Part III: Vibe-Coding and AI-Native Prototyping
Chapter 11

AI-Native Prototyping Workflow

Most vibe-coded prototypes die in the gap between "it works on my machine" and "this is production-ready." Teams discover this gap only when they try to ship, finding that their AI-assisted prototype lacks the eval infrastructure, error handling, and architectural discipline that production requires. This chapter, sitting at the Prototype phase of the evidence loop, shows you how to design AI-native prototyping workflows that deliberately close that gap, turning focused experiments into shippable foundations.
The Economic Singularity

When implementation becomes nearly free, the fundamental economics of software development shift. Traditional development was designed to minimize expensive human rework—measure twice, cut once. Vibe-coding reverses this: when code can be regenerated in seconds, the cost of change drops to near zero. The old habit of extensive upfront planning becomes a liability, not a virtue. The bottleneck shifts from code production to judgment—knowing what to build, what to trust, and when to stop iterating.
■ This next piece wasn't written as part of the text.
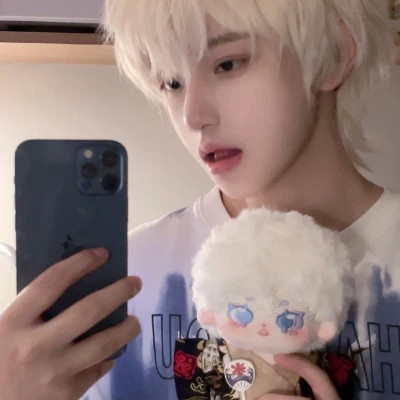 2025新款头像男的个性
The Tripartite Loop in Workflow Design

Designing AI-native prototyping workflows brings all three disciplines together: AI PM defines the workflow stages (framing, scaffolding, core loop, polish) and what each stage should achieve; Vibe-Coding executes each stage rapidly, using AI to generate context, scaffold repos, iterate on prototypes, and polish results; AI Engineering ensures each workflow stage produces artifacts that can be evaluated, tested, and eventually hardened for production.
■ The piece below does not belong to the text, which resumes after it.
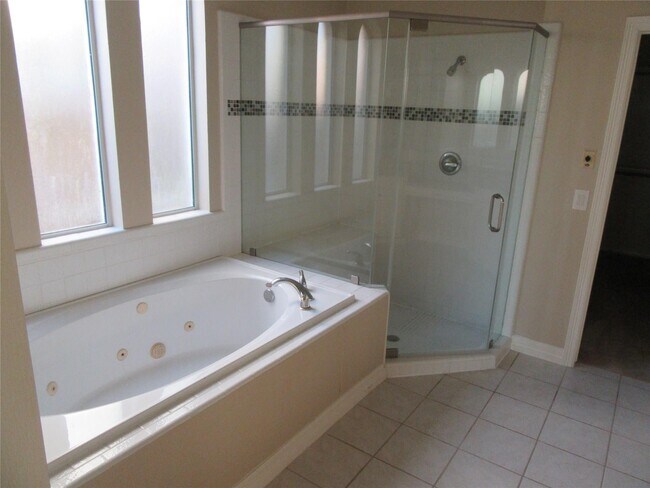 Building Photo - 914 Ivory Ridge Ln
Chapter 11 opener illustration
AI-native prototyping uses AI itself to rapidly explore the possible space of solutions.

Objective: Master the workflow from idea to AI-powered prototype.

Chapter Overview

This chapter covers the complete workflow for AI-native prototyping. You will learn the four-stage pipeline from concept to prototype, context shaping and repo scaffolding, spec-prototype-critique-revise loops, and patterns for working with AI-generated components.

Four Questions This Chapter Answers

  1. What are we trying to learn? How to systematically move from a product concept to a working AI prototype that answers specific questions about feasibility or desirability.
  2. What is the fastest prototype that could teach it? Running a complete SPCR (Spec-Prototype-Critique-Revise) loop on a single small feature to internalize the workflow rhythm.
  3. What would count as success or failure? A prototype that definitively answers the specific question it was designed to test, not a working system that raises more questions.
  4. What engineering consequence follows from the result? Effective prototyping workflows reduce the number of unproductive full-build attempts by validating assumptions first.